Remus walked into the kitchen early one night to see Holli preparing their dinner. Holli always cooked their meals, though she rarely ate any of it. He honestly worried about her. She was too thin; her bones jutting against her skin at odd angles and sharp contrast. She was underfed, even though there was no reason for her to be.

"Here," he murmured softly as he moved behind her back and wrapped his arm around her side, grabbing the spoon out of her hand, "let me do that."

Holli sneered. "I'm perfectly capable of preparing food, Remus," she snapped, her hand tightening around the handle as his fingers wrapped around hers gently.

Remus craned his head around to gaze down at her. "I know you are," he said, "but that doesn't mean you should always have to."

Holli's eyes slowly moved up to meet his and she stared at him for a long moment. Her hand finally relaxed and slid out from beneath his as she moved around him and over to the table.

"Fine," she retorted, "just take care not to burn anything."

"Don't worry," he assured, "I won't. I do know how to cook if you recall." Holli snorted, but did not reply any further.

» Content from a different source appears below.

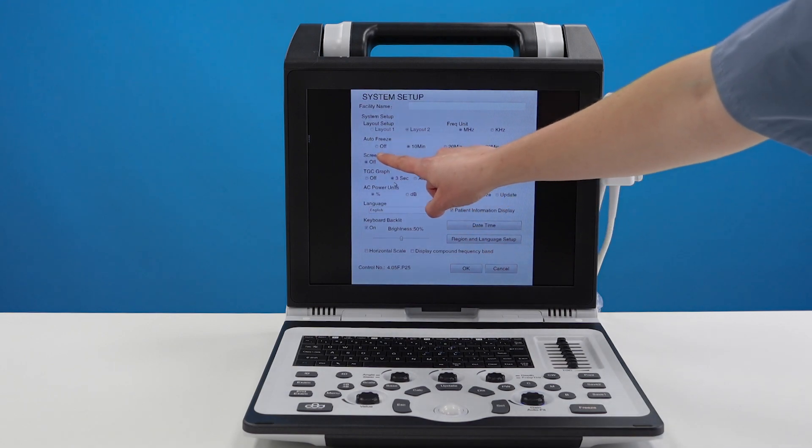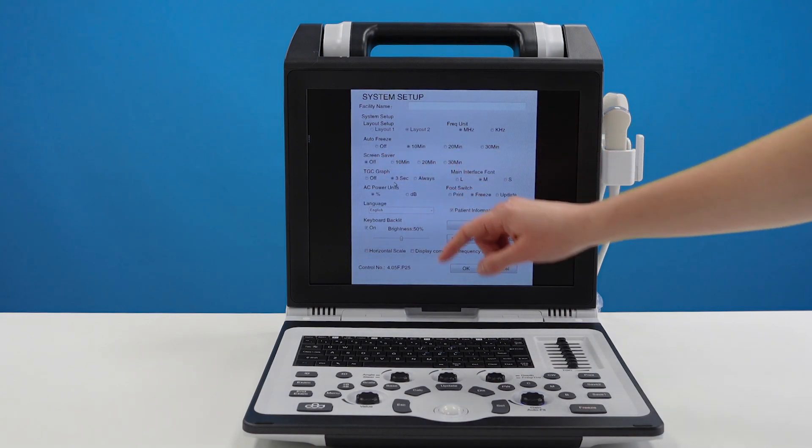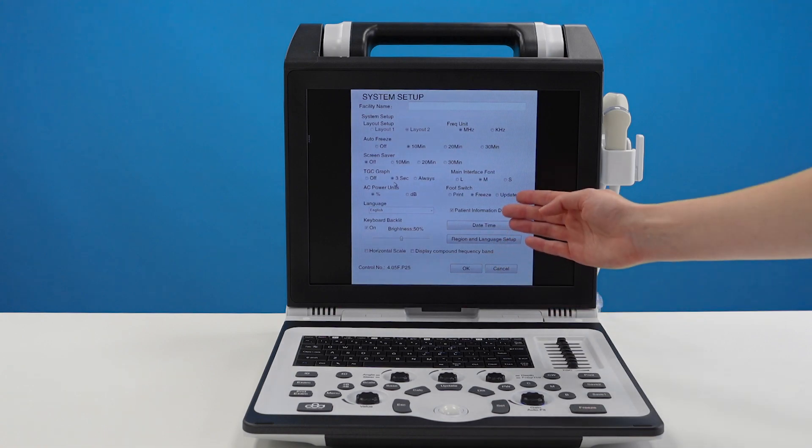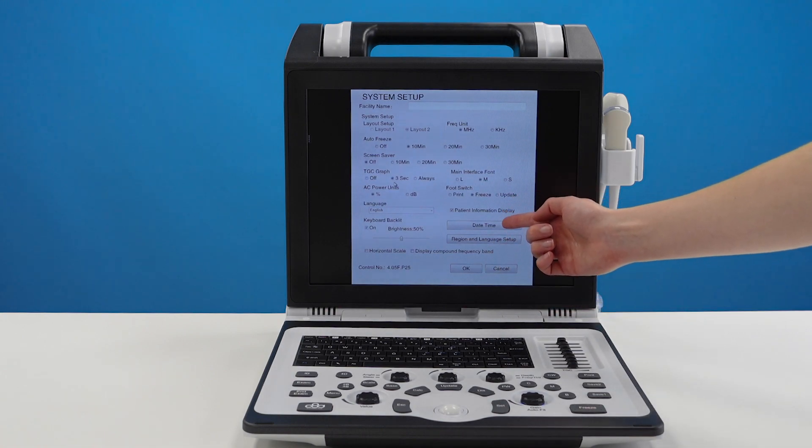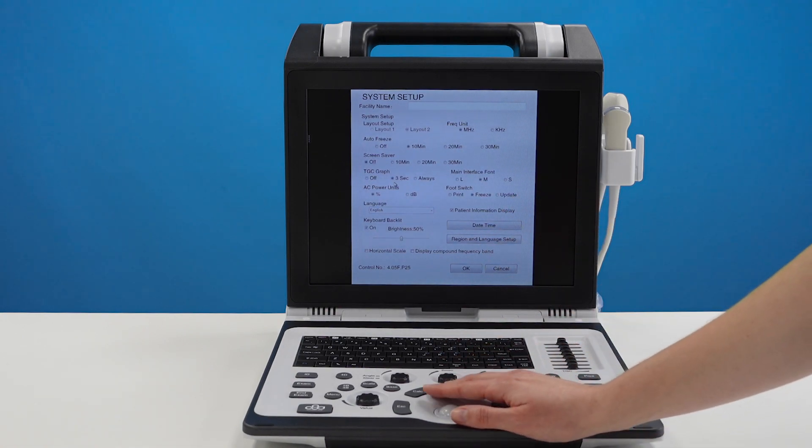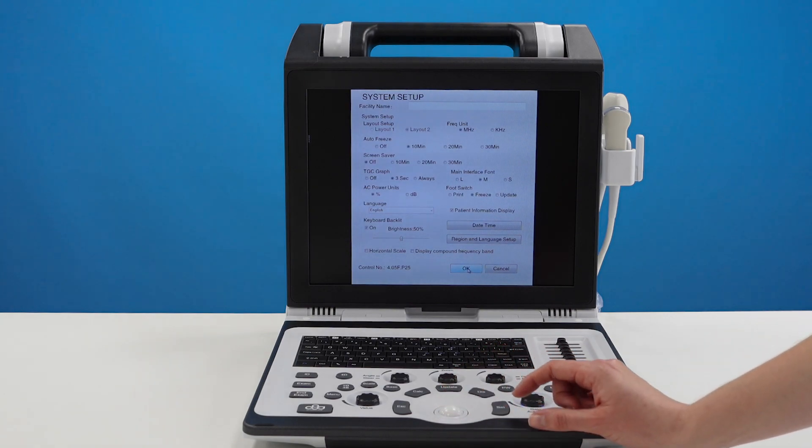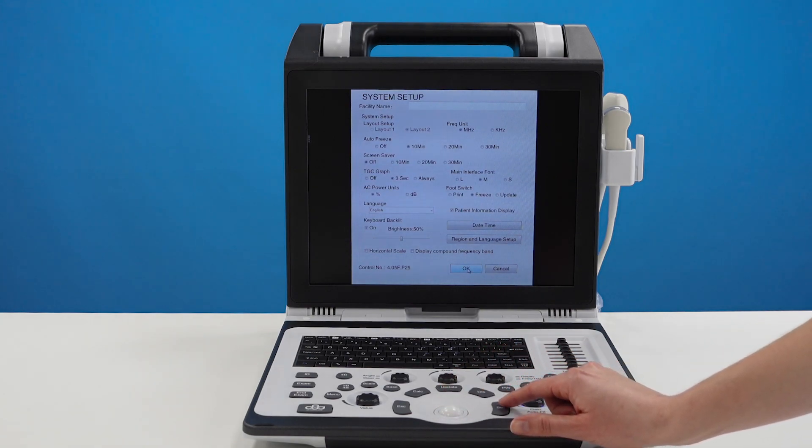You can choose whether or not you want to turn your screen saver on and you can set your date and time and your region. Once you're happy with this go over to ok and press set.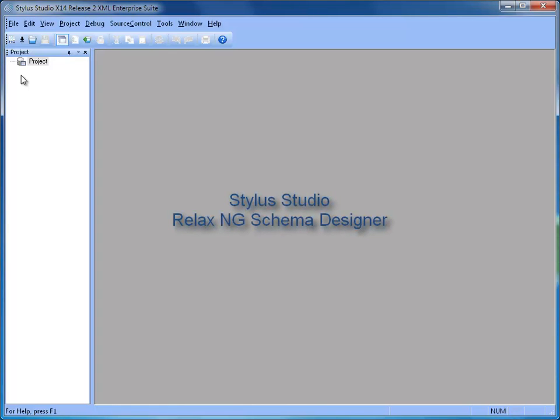In this demonstration, we explore the regular language description for XML Core, New Generation, or RelaxNG Schema Designer in Stylus Studio.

Remus stirred methodically as he listened to Holli from across the room. She was restless again, which was something he had been trying to help her avoid. Her nails tapped rhythmically and agitatedly across the surface of the wooden top. He could feel her eyes on him, but when he turned to look at her, they would dart away quickly.

"I brought the Prophet with me," he said, breaking the silence and motioning with his chin towards the edge of the table. "Have a look if you like."

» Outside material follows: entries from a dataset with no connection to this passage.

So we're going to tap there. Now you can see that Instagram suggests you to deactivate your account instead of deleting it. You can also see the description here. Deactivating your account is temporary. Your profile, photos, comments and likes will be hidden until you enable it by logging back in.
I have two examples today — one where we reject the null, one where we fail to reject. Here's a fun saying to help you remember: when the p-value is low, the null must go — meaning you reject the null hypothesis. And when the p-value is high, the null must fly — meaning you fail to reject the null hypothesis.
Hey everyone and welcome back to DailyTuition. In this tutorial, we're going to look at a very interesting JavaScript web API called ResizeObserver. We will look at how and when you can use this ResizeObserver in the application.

Her rhythm quickened and Remus refrained from rolling his eyes. Since he had arrived, Holli had flatly refused to discuss anything relating to the outside world and the war that was still raging around them and Remus couldn't quite understand her reasoning. It was almost as though she felt that if she couldn't help, she didn't deserve to know what was happening. Apart and separate in every single way.

He watched her out of the corner of his eye, focusing in when he saw her hand begin to drift in the paper's direction. Suddenly, she pulled it back again and the tapping increased in intensity. Remus moved his eyes back to the task at hand and contented himself with listening to the varying rhythms of taps. They quickened and slowed for a lengthy amount of time before they completely stopped.

Remus glanced over quickly before looking away again. Holli sat at the kitchen table, Daily Prophet spread out before her, eyes flying across the pages and words. Remus propped his hip against the counter edge and his lips quirked up into a faint smile.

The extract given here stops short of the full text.